[Web page caption snippets]
◆ ◆ ◆ ◆ ◆

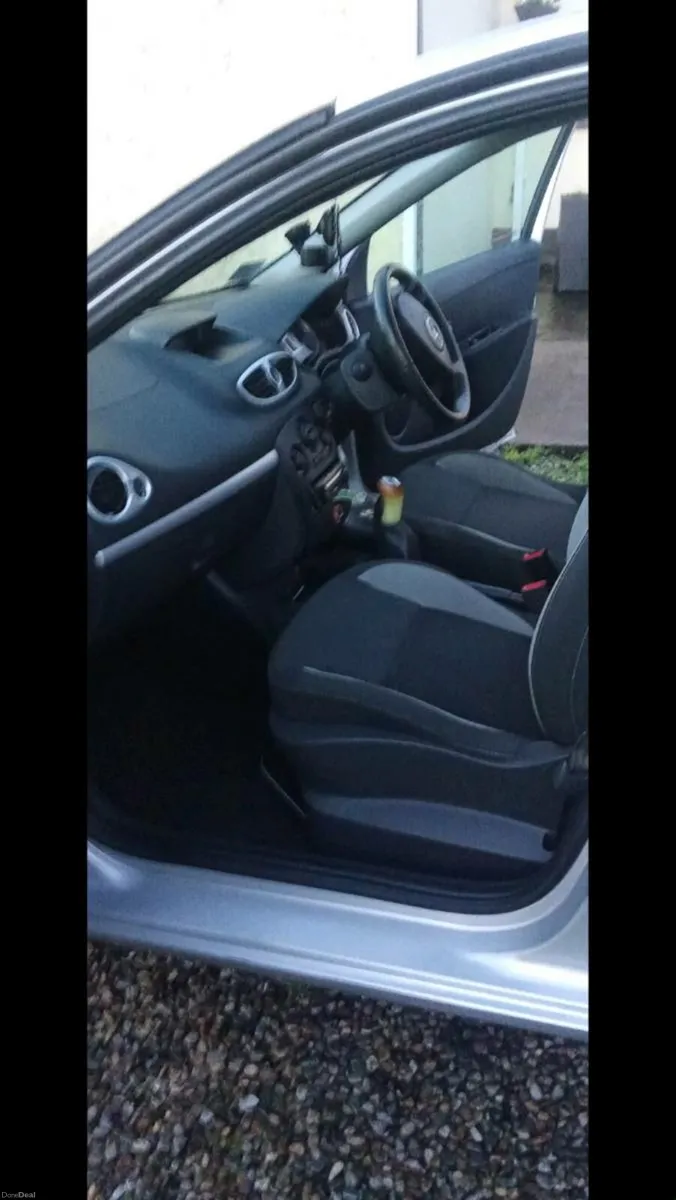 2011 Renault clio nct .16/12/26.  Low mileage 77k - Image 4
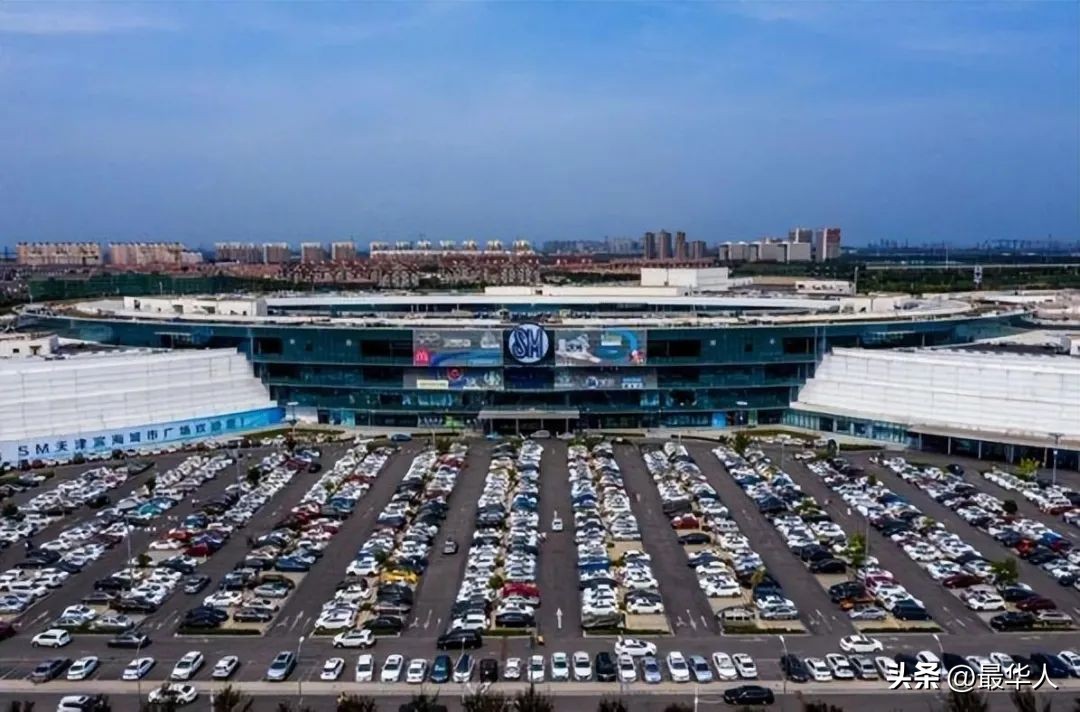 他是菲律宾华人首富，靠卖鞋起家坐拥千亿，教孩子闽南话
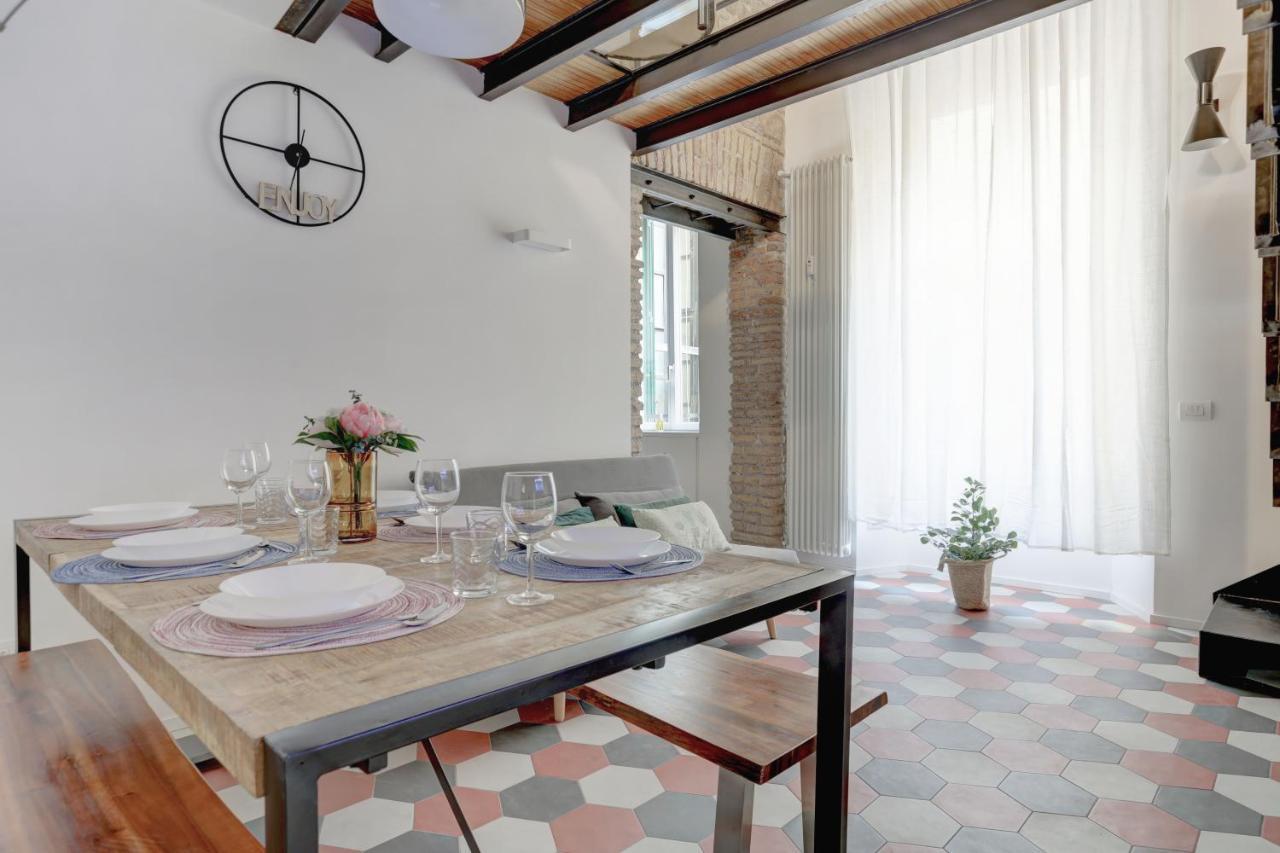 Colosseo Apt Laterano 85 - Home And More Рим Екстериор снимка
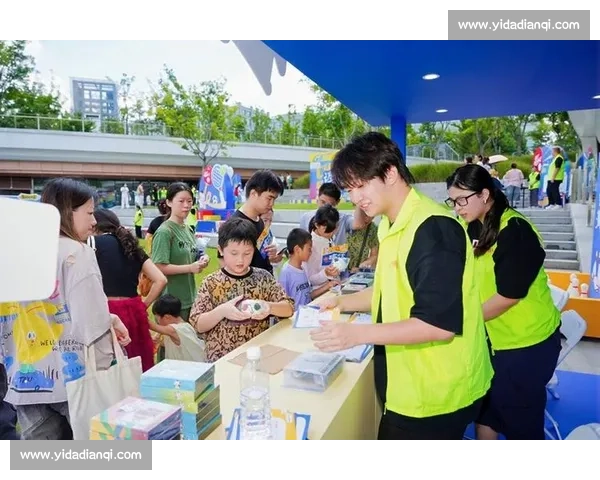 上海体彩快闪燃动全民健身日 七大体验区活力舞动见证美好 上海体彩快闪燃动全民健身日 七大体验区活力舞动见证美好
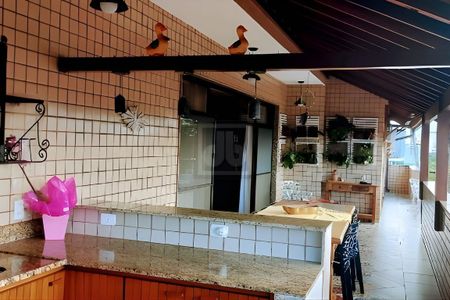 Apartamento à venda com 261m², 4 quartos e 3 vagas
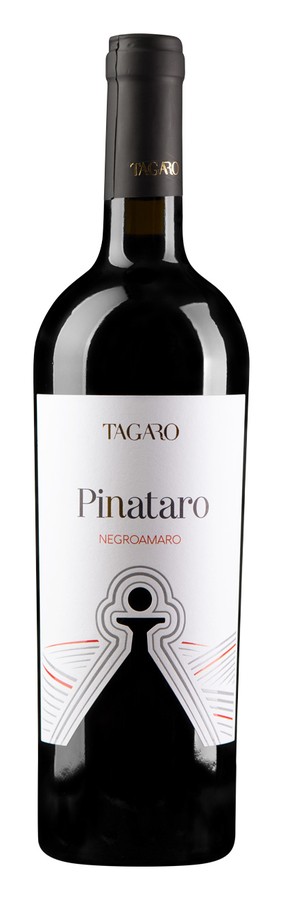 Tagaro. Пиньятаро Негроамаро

◆ ◆ ◆ ◆ ◆

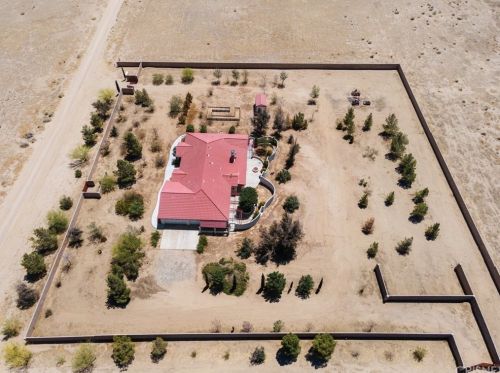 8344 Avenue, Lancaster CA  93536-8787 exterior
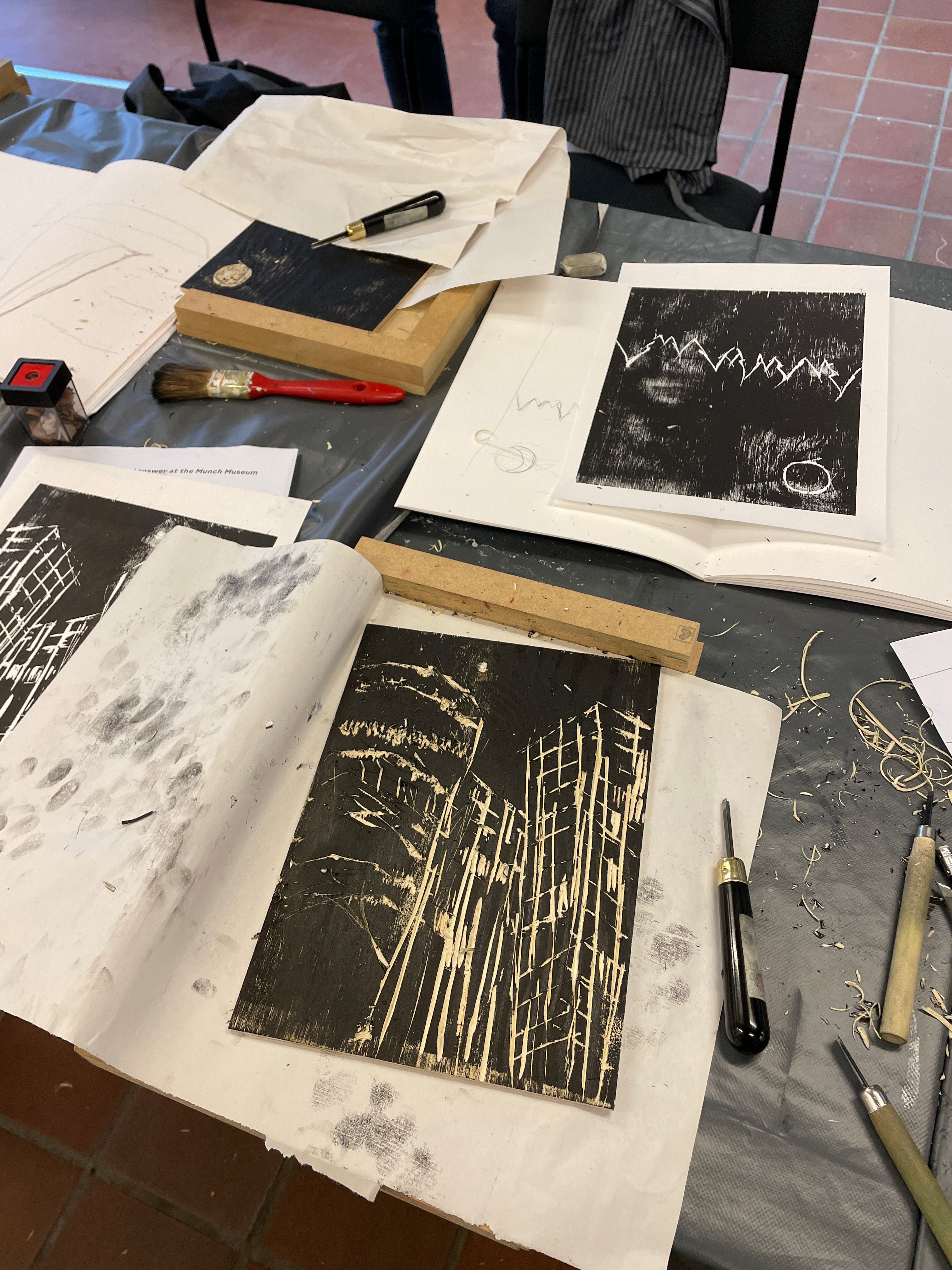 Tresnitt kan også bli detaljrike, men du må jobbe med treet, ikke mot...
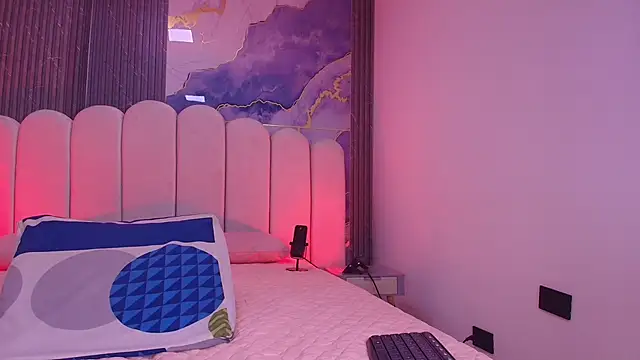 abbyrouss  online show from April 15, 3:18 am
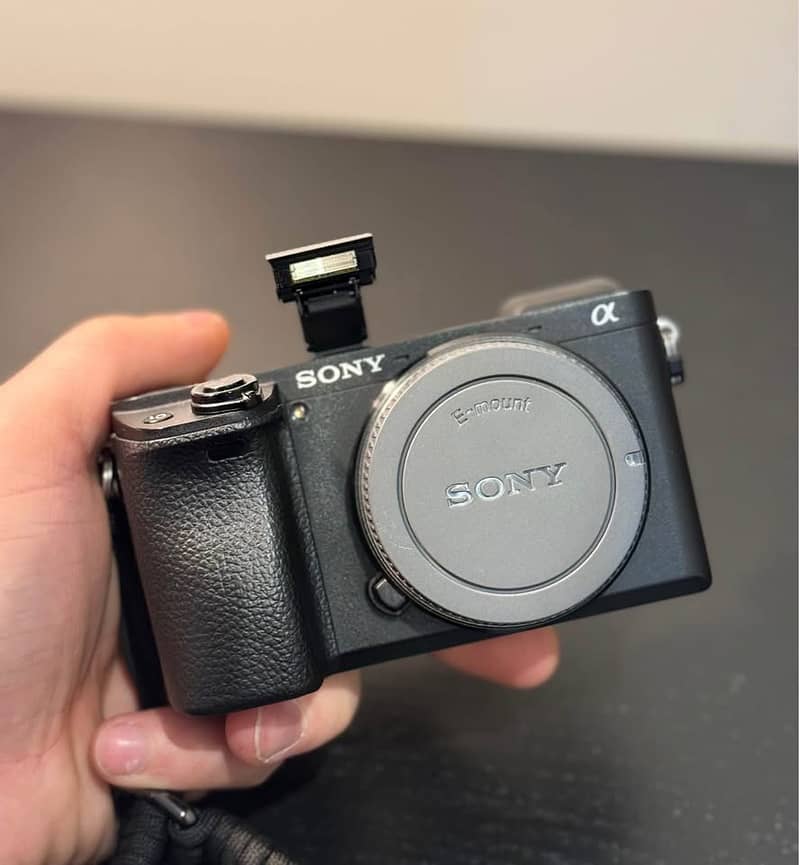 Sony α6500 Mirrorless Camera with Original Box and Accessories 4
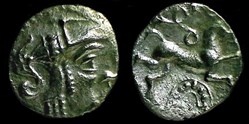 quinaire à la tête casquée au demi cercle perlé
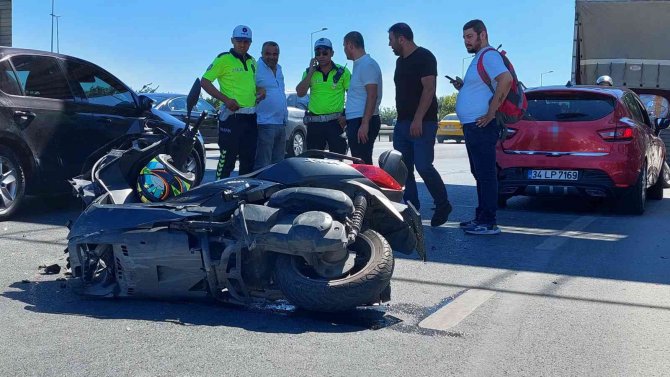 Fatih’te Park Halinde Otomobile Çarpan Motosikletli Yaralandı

◆ ◆ ◆ ◆ ◆

Brief: Write out exactly the lines above between the one with "2011 Renault clio" and the one with "Tagaro. Пиньятаро Негроамаро", inclusive, with pictures left out.

Reply to the exercise:
 2011 Renault clio nct .16/12/26.  Low mileage 77k - Image 4
 他是菲律宾华人首富，靠卖鞋起家坐拥千亿，教孩子闽南话
 Colosseo Apt Laterano 85 - Home And More Рим Екстериор снимка
 上海体彩快闪燃动全民健身日 七大体验区活力舞动见证美好 上海体彩快闪燃动全民健身日 七大体验区活力舞动见证美好
 Apartamento à venda com 261m², 4 quartos e 3 vagas
 Tagaro. Пиньятаро Негроамаро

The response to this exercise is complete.